Reproduce exactly the line with "Boja za pečat" and every line that follows it below, up to and including the last one. Do not include pictures or anything else.

(Captioned web image data)
**********
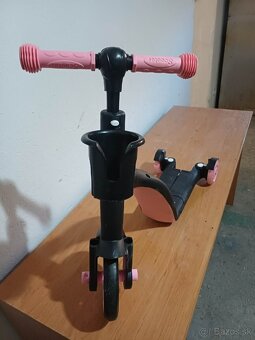 Kolobežka 5v1 na predaj - 2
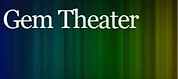 Beaverton Gem Theater logo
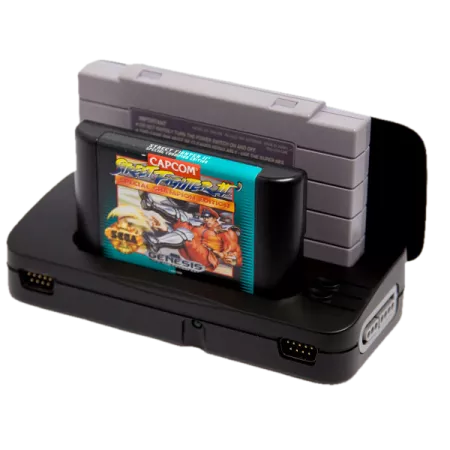 Retrode2 USB-Adapter für klassische Videospiele
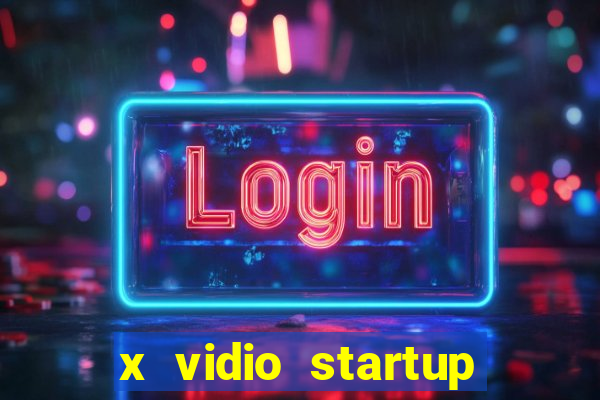 x vidio startup brasil 2024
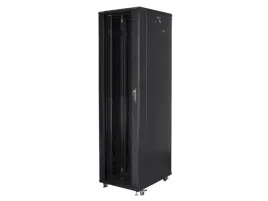 szafa-instalacyjna-rack-stojaca-19-37u-800x800-drzwi-szklane-czarna-lanber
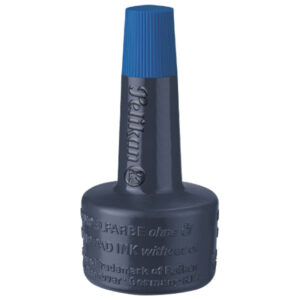 Boja za pečat 28 ml Pelikan 351213 (400142581) plava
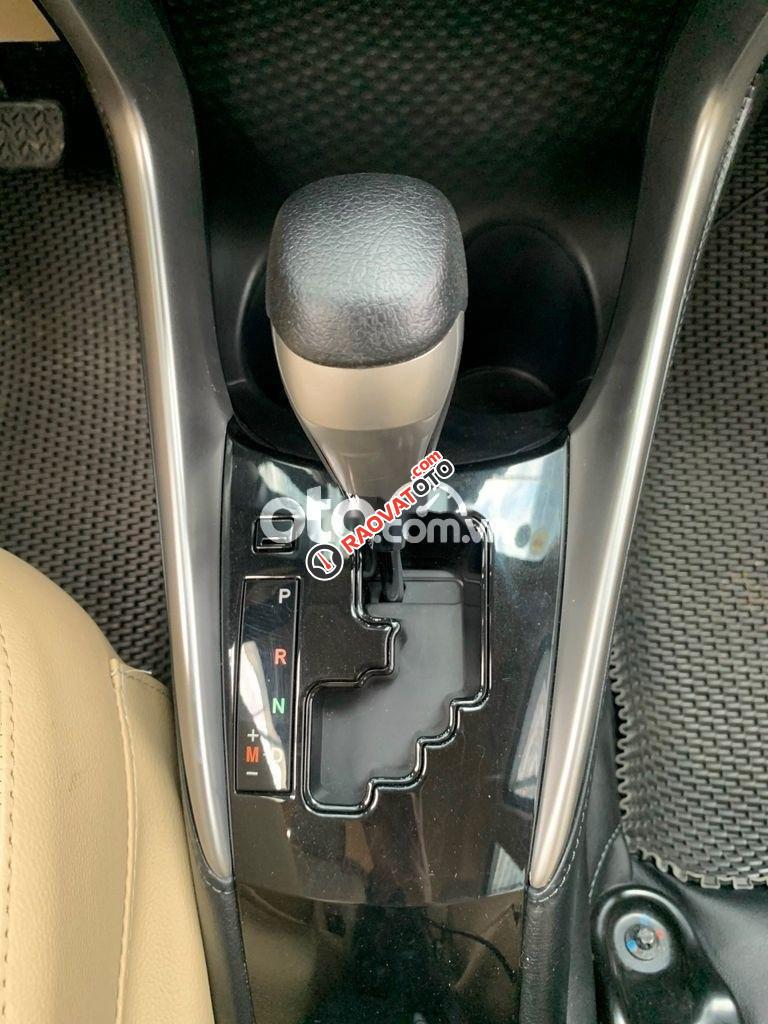Xe Toyota Vios 1.5E sản xuất năm 2019, màu đen-2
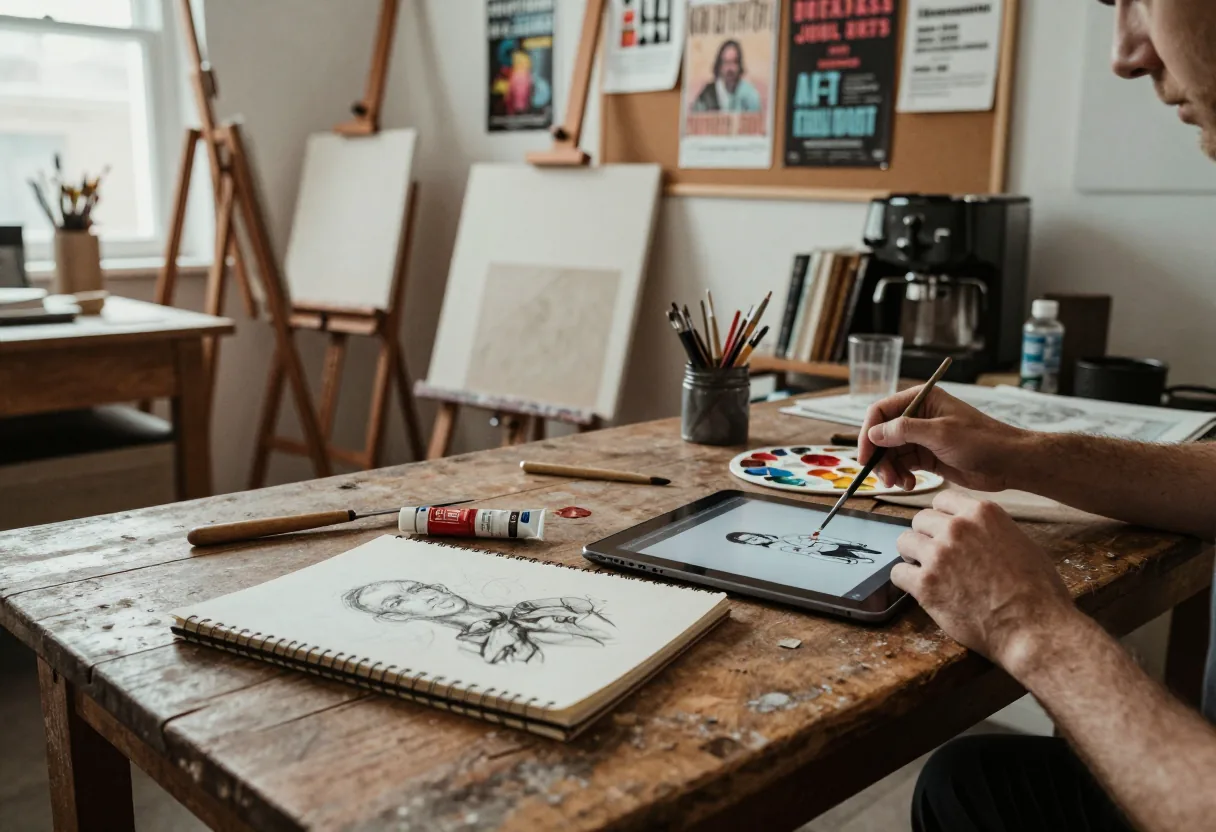 Jobs in Visual Arts: Employment Opportunities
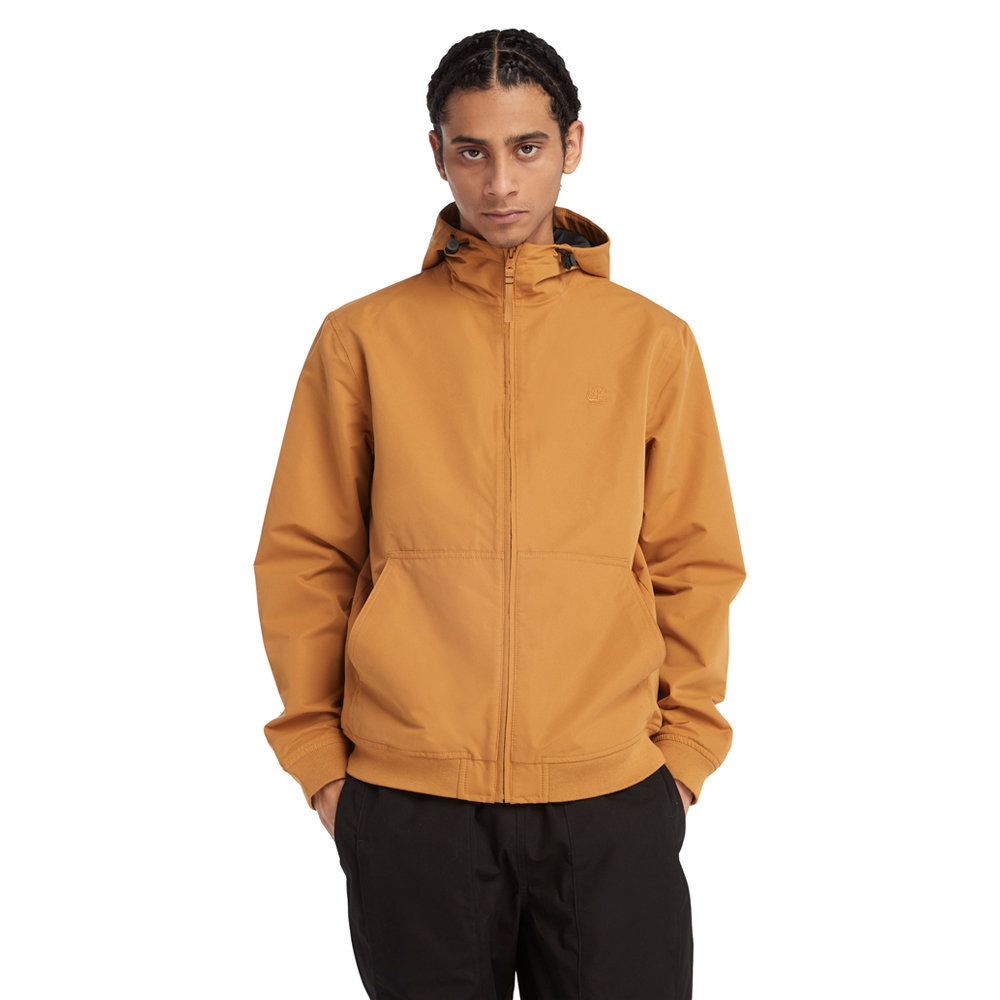 Timberland 男款小麥色防潑水工裝短褲|A68H9P47 歷史價格詳細信息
**********
Task solution:
 Boja za pečat 28 ml Pelikan 351213 (400142581) plava
Xe Toyota Vios 1.5E sản xuất năm 2019, màu đen-2
 Jobs in Visual Arts: Employment Opportunities
 Timberland 男款小麥色防潑水工裝短褲|A68H9P47 歷史價格詳細信息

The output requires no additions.